You will not get a mortgage.  You cannot save so you cannot get a loan from a credit union.  Presumable you have no 'right' to a continuation of the interest only loan either so the sooner you cut your losses the better.  Unless your 'friend' in the financial sector can get you better terms this means you have to sell the land.  You're lucky in many regards, the land is worth 50% so you will owe 70K and that is the extent of your indebtedness (presumably).  Secondly you have a salary that gives you the freedom of 900 euro a month to pay down that debt.  Thirdly because it is a personal loan rather than a mortgage and therefore unsecured you have the freedom without the banks permission to sell the land.  So sell as high as you can, as quickly as you can, and throw every penny you have at it and there's your solution.


----------



## strongtom (17 Nov 2010)

hi bronte,

Not forced..persuaded i said. I couldnt get a mortgage at the time to build. I had an option to get this interest only loan. Anyhow whats done is done. 

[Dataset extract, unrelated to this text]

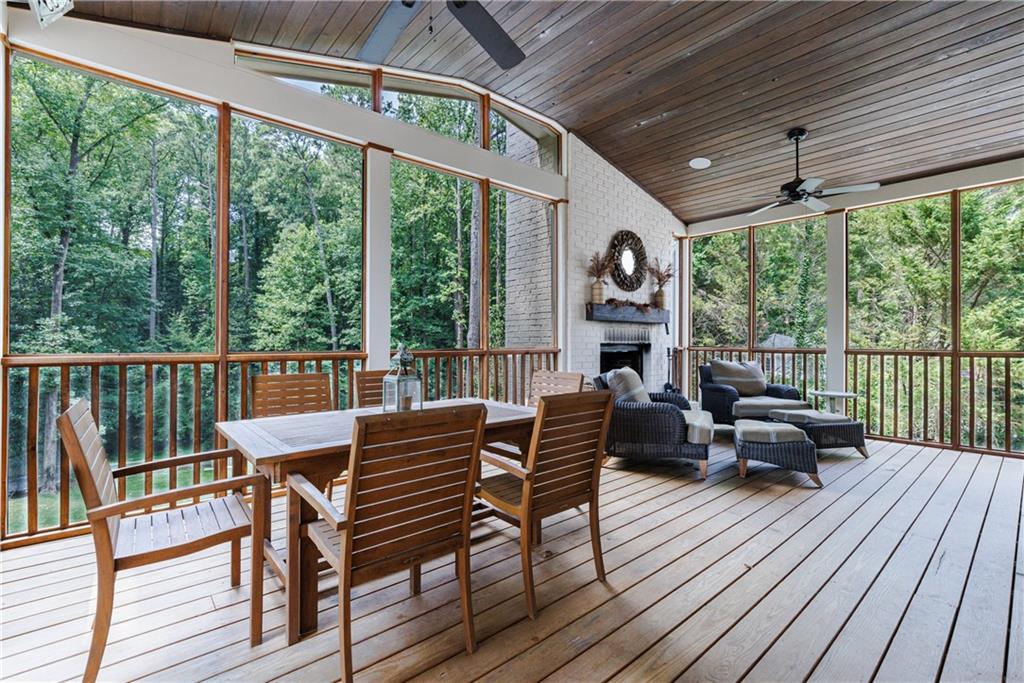 2946 Rockingham Drive NW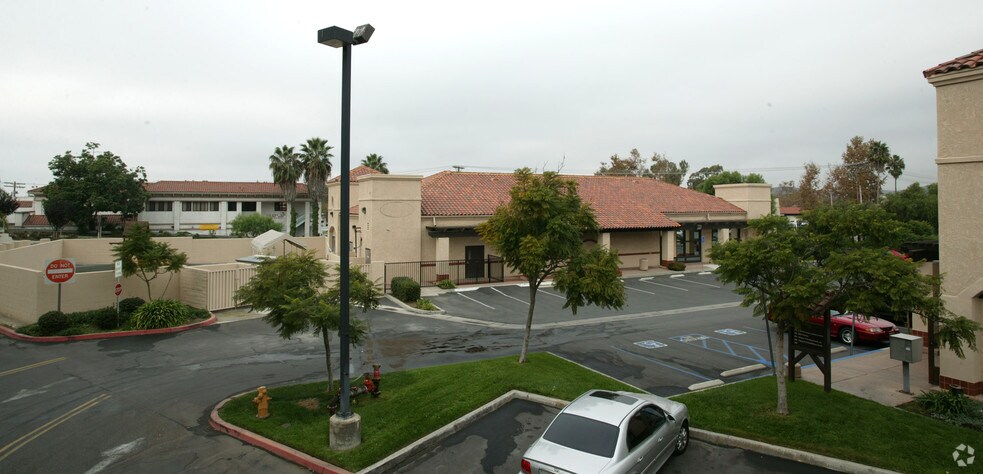 More Photos Of 3815 Mission Ave, Oceanside Unknown For Lease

I guess i will have to sell and cut my losses.. I would love to build and bring up a family there. I just wanted to see if anyone had any advice on re-structuring or if any bank would take on the loan\combine into a mortgage. 

Not sure about a caravan greta.. my missus would not be 'down' with that idea. 


strong tom


----------



## NorfBank (17 Nov 2010)

strongtom said:


> p.s. the site was secured againest it. im fairly sure.



Call the bank today. If it is not secured, then sell it.


----------